* **Given information**:

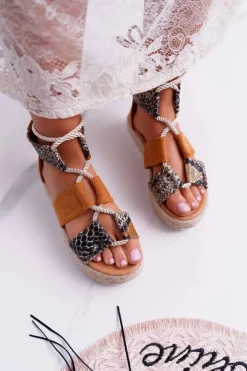 Boto Sandały Płaskie*Sandały Damskie na Platformie Camel Ergola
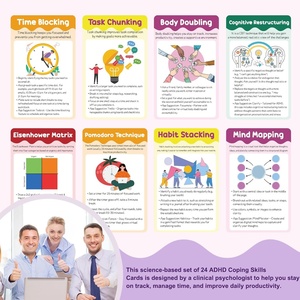 Carte per Abilità di Gestione ADHD, Flashcard per ADHD con Anelli per Raccoglitori, Strumenti Terapeutici per Regolazione Emotiva <span class=keywords><strong>e</strong></span> Gestione del Tempo - Product Image 3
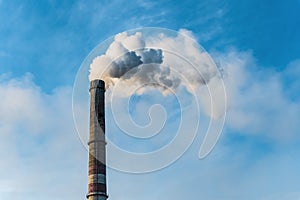 Smoking factory chimneys with co2 emissions.Environmental problem of environmental and air pollution.Climate change,ecology,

* **What you will do**:
Repeat the data above exactly; images are not part of the copy.

* **Task answer**:
 Boto Sandały Płaskie*Sandały Damskie na Platformie Camel Ergola
 Carte per Abilità di Gestione ADHD, Flashcard per ADHD con Anelli per Raccoglitori, Strumenti Terapeutici per Regolazione Emotiva <span class=keywords><strong>e</strong></span> Gestione del Tempo - Product Image 3
 Smoking factory chimneys with co2 emissions.Environmental problem of environmental and air pollution.Climate change,ecology,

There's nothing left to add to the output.